Here I am with a new book, a new level but the same old thirst of building something. I am following the book ‘Build Your Own Database From Scratch’. It was suggested by someone very dignified in the field of Software Development and I find the title to be my type. Making things from scratch is something I yearn for. No boilerplate, no frameworks, just plain simple code and bugs.

Introduction

So basically by following this book, I am giong to be able to create a mini relational Database. We are gonna start with a B-Tree, then a simple KV store (think Redis) and finally a mini relational DB. Book is focused on three important topics

  • Persistence
    • We must be able to recover from a crash without losing data.
  • Indexing
    • We must be able to query and manipulate the data efficiently.
  • Concurrency
    • Handling multiple concurrent requests gracefully.

Looks like the book itself uses Golang which happens to be the language I am going to use. Considering the amount of error handling and concurrency management we are about to do, I’d not suggest anything else.

1. Persistence

Persistence is a concept taken for granted by developers.

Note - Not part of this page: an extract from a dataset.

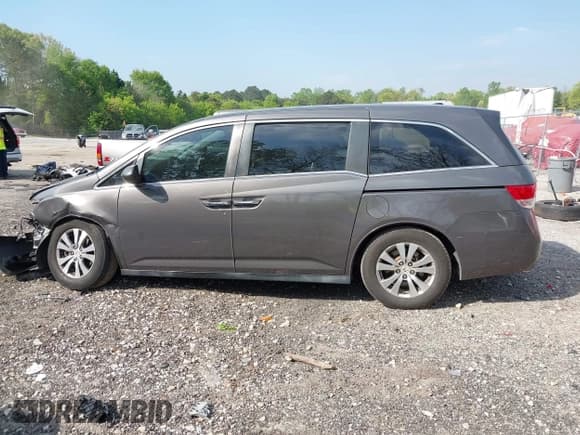 ✅ 2014 Honda Odyssey EX-L • VIN: 5FNRL5H60EB120877 • Lot: 42061130. Wystawiony na IAAI z przebiegiem 215 356 mil. Bezpłatny archiwum sprzedaży aukcyjnych z USA i szczegółowy raport historii pojazdu na DreamBid. Zdjęcie 15.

If we did not have any DBMS lying around to play with, we’d be still using CSVs and copying files and update the copied files and renaming the updated file and if the file is too large then waiting a long time for the process to happen all the while wondering why our customers are stuck at the loading screen four hours and yet bills are through the roof. Employ a database only if you hope your business is going to grow huge. Otherwise, any of these are overkill and we are better off working with a spreadsheet on Excel or Google Sheets. Imagine having a file with 100000 records and updating one record. We’d have to copy over the entire 100000 records, change the required value and rename. All that compute for 0.01% of work done. Thus databases come into picture.

2. Indexing

I am not clear about what does James mean about indexing. Is it like creating a pointer to the memory location containing my data. That would make sense but I am not really sure right now. He mentions there are two types of database queries

  • OLAP (Analytical)
  • OLTP (Transactional)

And we are going to learn only OLTP in this book. Rest all makes complete sense. Anybody with even a little passion about Computer Science would know about Binary Searches because they are so damn fast. Moreover, with algorithms like Binary Search working in O(log(n)) complexity manifold their efficiency as data gets larger.

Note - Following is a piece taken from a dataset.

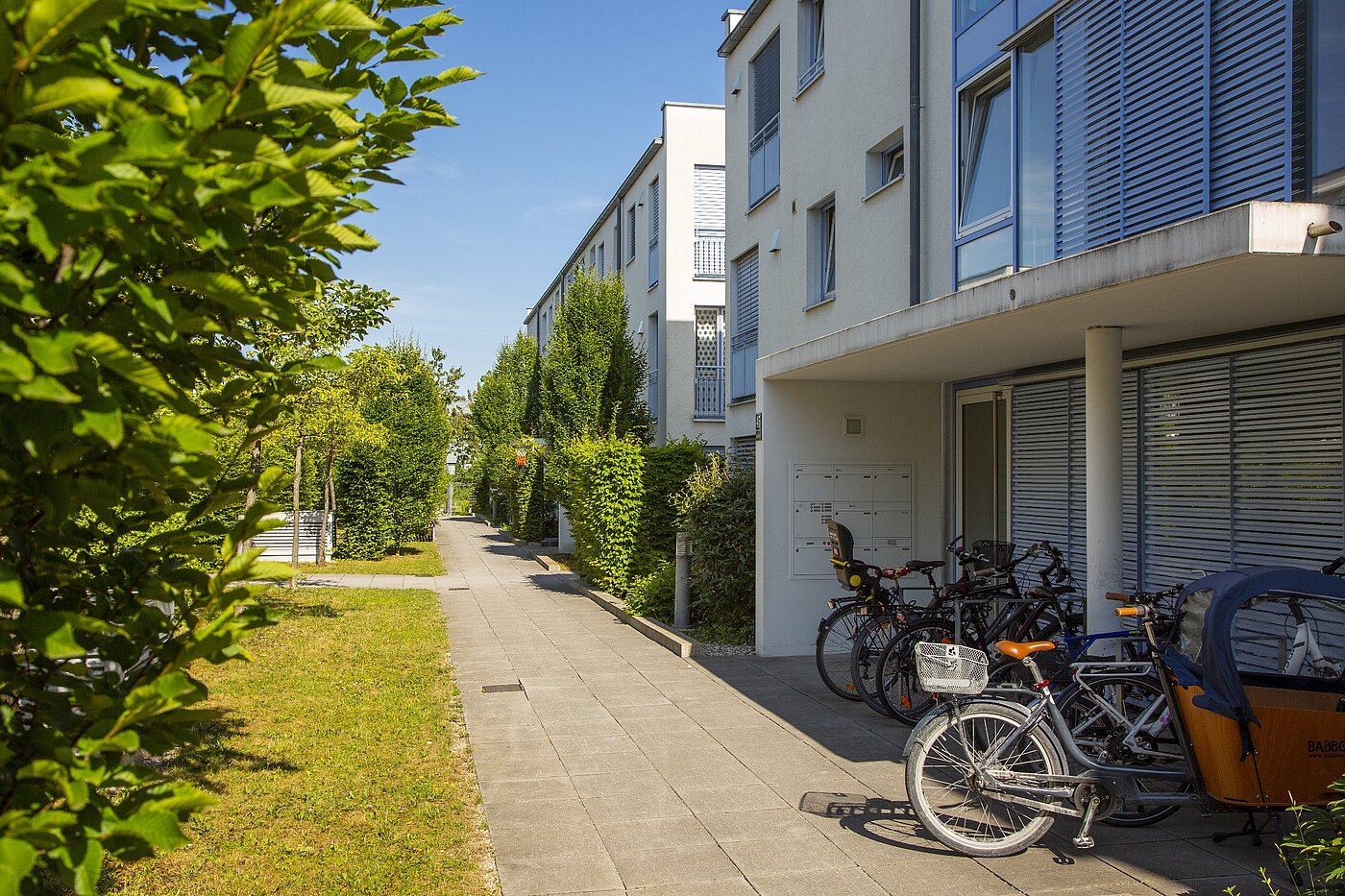 Etagenwohnung mit 3 Zimmern | München-Riem | 1906ML3 | ... Außenanlagen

At smaller datasets like 4 tuples, We’d be making roughly the same amount of comparisons. At a few hundreds we would be making 93% less comparisons than navie search already. At larger sizes of n = 100000, we will make only 0.00017% of the naive search comparisons. At this scale, IO operations will become our bottleneck.

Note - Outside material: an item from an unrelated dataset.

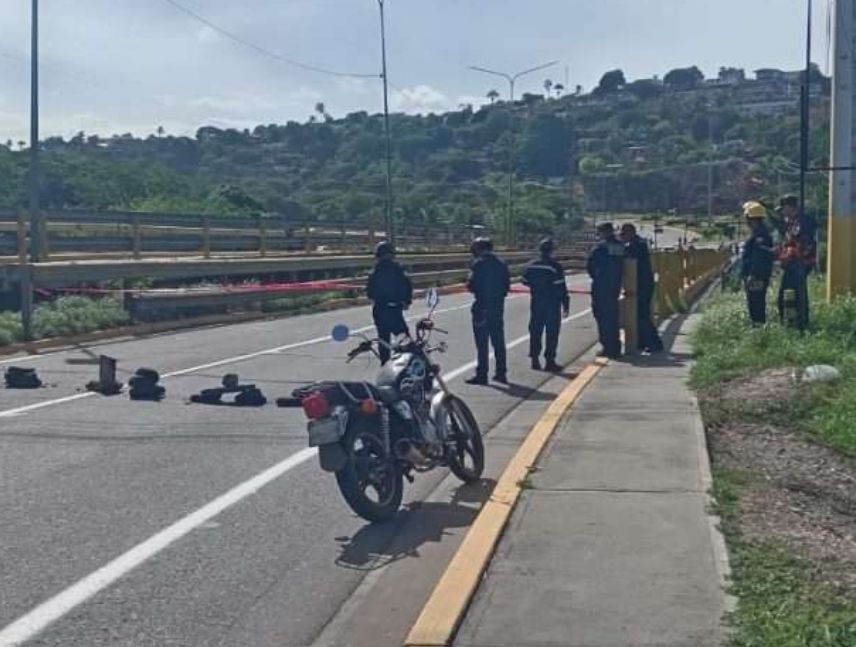 Colapsa puente que une a Cabudare con Barquisimeto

This is wild and when I first realised the benefits of this, I was blown. And understandably as well. Anyways, We’ll be using B-Trees here I believe.

3. Concurrency

Here we are introduced with a new concept in databases: transactions
Not that I understood too much about that either. Maybe a read-update cycle is a transaction. Let’s move ahead and see. Concurrency is a huge reason to move towards databases. Queueing up multiple of those inefficient read-copy-mody-rename cycles will definitely eat up all the resources and indirectly your money.

Chapter 0 ends

So far, I think I already knew a few concepts and I learnt a lot of new ones. Onto the first section of the book where we are going to learn to make a simple Key-Value store.